GML-2088: Add regression testing framework with evaluation metrics by prinskumar-tigergraph · Pull Request #43 · tigergraph/graphrag

prinskumar-tigergraph · 2026-06-15T17:43:37Z

PR Type

Tests, Enhancement

Description

Add GraphRAG regression evaluation framework
Score hallucination confidence with reasons
Automate graph setup and evaluation runs
Mount regression datasets into container

Diagram Walkthrough

flowchart LR
  dataset["Test dataset"] --> setup["Graph setup"]
  setup -- "creates and ingests" --> graph["GraphRAG graph"]
  graph -- "queries" --> evaluator["Regression evaluator"]
  evaluator -- "scores" --> metrics["Correctness and hallucination"]
  metrics -- "writes" --> results["CSV summary"]

File Walkthrough

Relevant files

Enhancement

1 files

agent_hallucination_check.py `Return hallucination confidence with reasoning`	+94/-22

Tests

5 files

evaluator.py `Add GraphRAG regression evaluation CLI`	+748/-0
setup_graph.py `Add regression graph setup automation`	+349/-0
run_eval.sh `Add containerized evaluation runner script`	+45/-0
run_load_eval.sh `Add exported graph evaluation runner`	+85/-0
run_setup.sh `Add containerized graph setup runner`	+30/-0

Dependencies

1 files

requirements.txt `Bump pyTigerGraph minimum dependency version`	+1/-1

Configuration changes

1 files

docker-compose.yml `Mount regression test directories into container`	+2/-0

tg-pr-agent · 2026-06-15T17:44:20Z

PR Reviewer Guide 🔍

Here are some key observations to aid the review process:

⏱️ Estimated effort to review: 4 🔵🔵🔵🔵⚪
🧪 No relevant tests
🔒 No security concerns identified
⚡ Recommended focus areas for review Breaking Change `HallucinationCheckResponse` changed from a `score` field to `confidence` and `reason`. Existing callers that still read `score` or expect the previous yes/no schema may fail unless all usages are updated or backward compatibility is provided. class HallucinationCheckResponse(BaseModel): confidence: float = Field( description=( "Confidence score between 0.0 and 1.0 that the answer is hallucinated. " "0.0 = fully grounded in the context, 1.0 = completely hallucinated. " "Use the full range — e.g. 0.2 for mostly grounded with minor gaps, " "0.8 for mostly unsupported claims." ) ) reason: str = Field( description=( "A concise one-to-two sentence explanation of why you assigned this " "confidence score, citing specific claims from the answer and context." ) ) Incomplete Feature `--load-exported` is exposed by the CLI and wrapper script, but `load_exported()` is still a stub that always exits with failure.
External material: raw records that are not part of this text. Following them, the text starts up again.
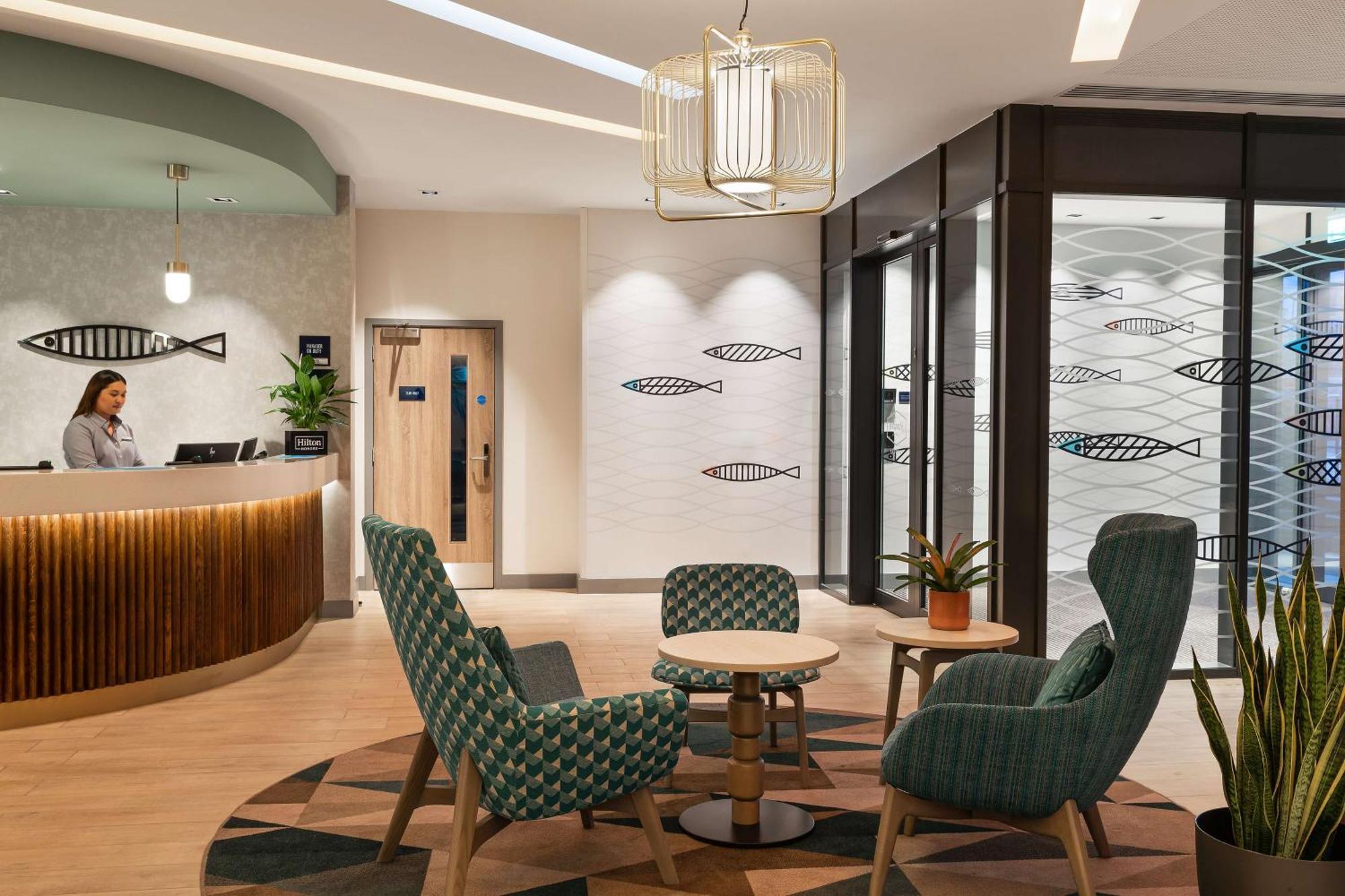Hampton By Hilton Torquay Ξενοδοχείο Εξωτερικό φωτογραφία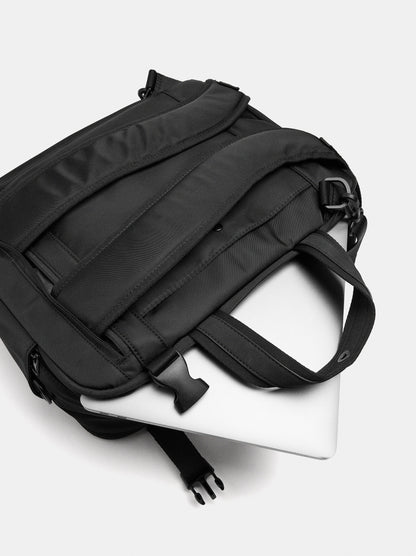 Versatile Nylon Cabin Backpack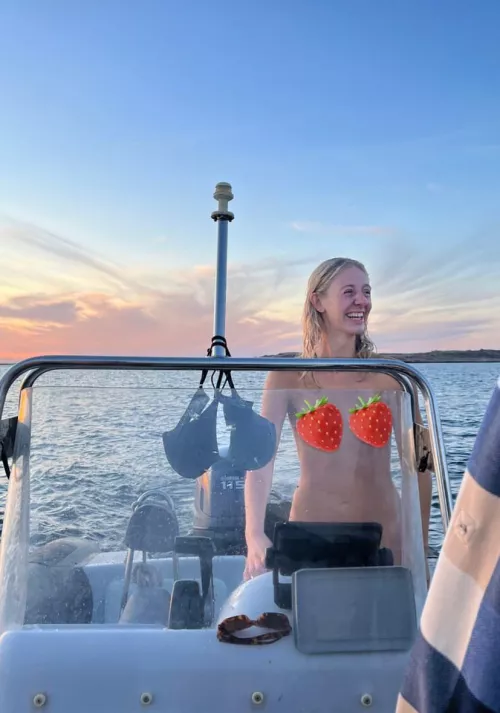 Oh captain my captain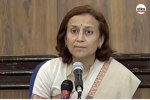 Gitanjali J Angmo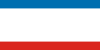 Flag of Republic of Crimea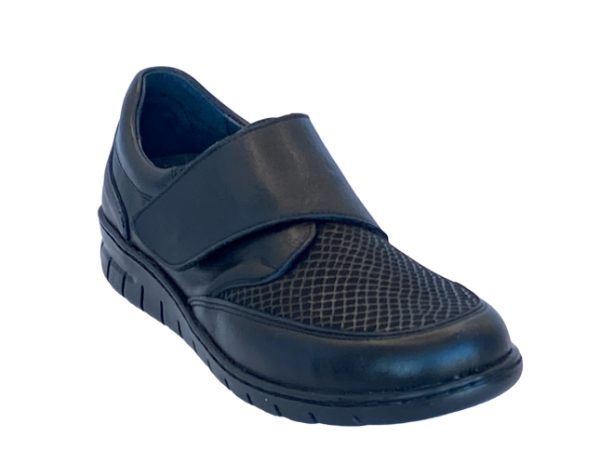 Chaussure orthopédique Softmode - Posturopied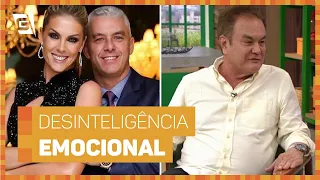 Psiquiatra comenta o caso de agressão sofrido por Ana Hickmann l TV Gazeta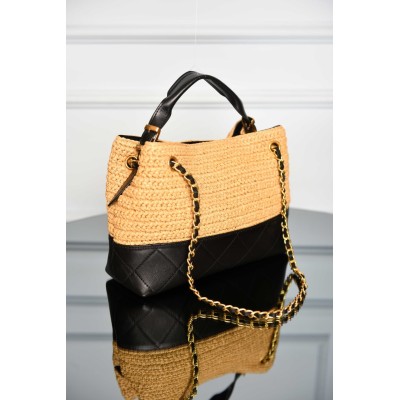 Chanel Small Shopping Bag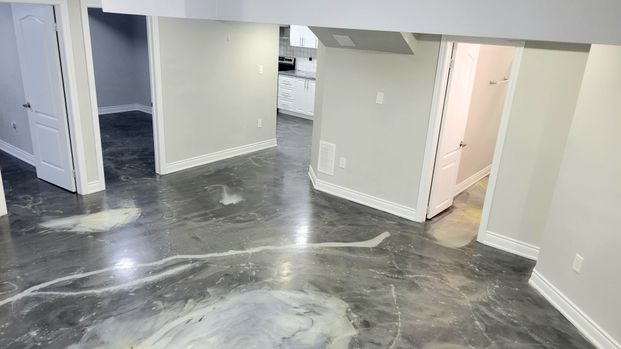 For Lease - 33 Boathouse Road Unit# BSMT, Brampton, Ontario - Photo 1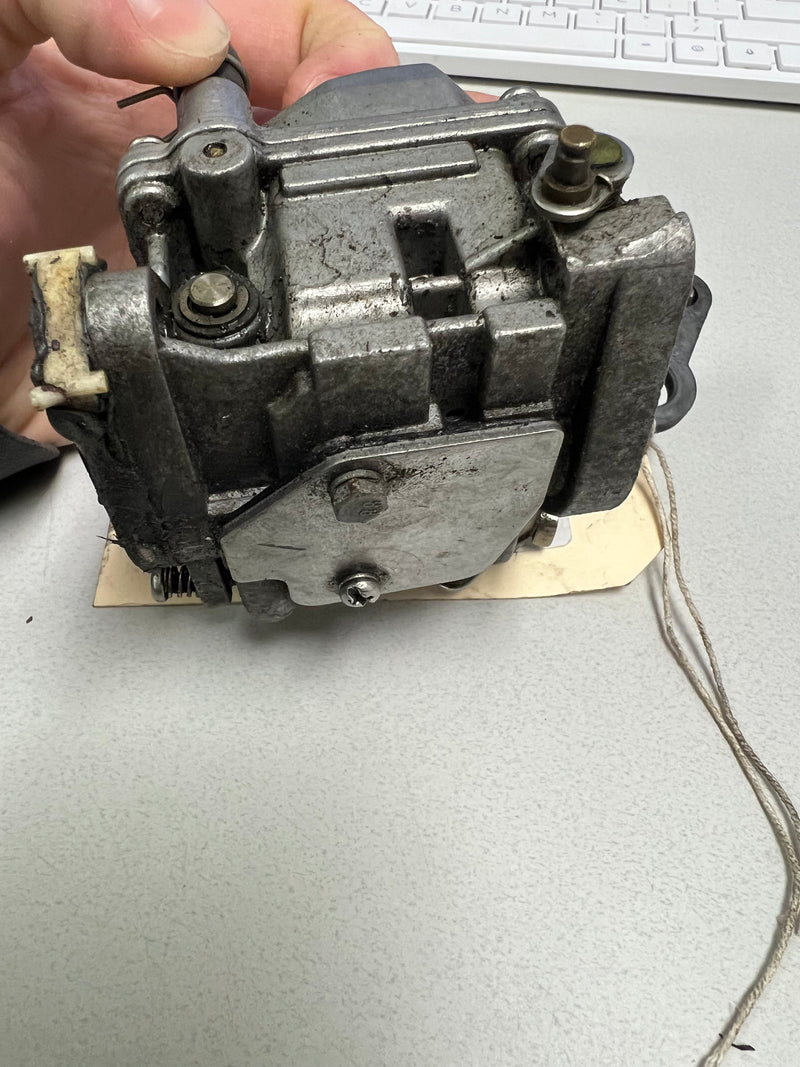 Yamaha 15hp 4 Stroke Outboard Carburetor (66M-10) (Parts)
This makes the advertised load-and-evaluate workflow unusable. def load_exported(graphname: str, exported_dir: str) -> None: """TODO: Restore graph from ExportedGraph/ folder. Implement using TigerGraph's export/import mechanism once confirmed. Options: - GSQL: DROP GRAPH + CREATE GRAPH + load GBAR - GraphRAG restore API endpoint (if available) - pyTigerGraph backup restore """ if not os.path.isdir(exported_dir): sys.exit( f"ERROR: ExportedGraph directory not found: {exported_dir}\n" f"Run setup first or add exported graph files to this directory." ) print(f"\n --load-exported is not yet implemented.") print(f" Edit load_exported() in setup_graph.py with the TigerGraph") print(f" import command for your environment, then rerun.\n") sys.exit(1) Edge Case `run_eval()` can create `ThreadPoolExecutor(max_workers=0)` when the dataset contains zero questions, which raises a runtime error instead of producing a clear validation message. total = len(questions) workers = min(8, total) results: List[Optional[EvalResult]] = [None] * total printer = _print_detailed if detailed else _print_compact with ThreadPoolExecutor(max_workers=workers, thread_name_prefix="eval") as pool:

tg-pr-agent · 2026-06-15T17:45:37Z

+    sys.stdout.flush()
+    sys.stderr.flush()
+    os._exit(1 if any(r.error for r in results) else 0)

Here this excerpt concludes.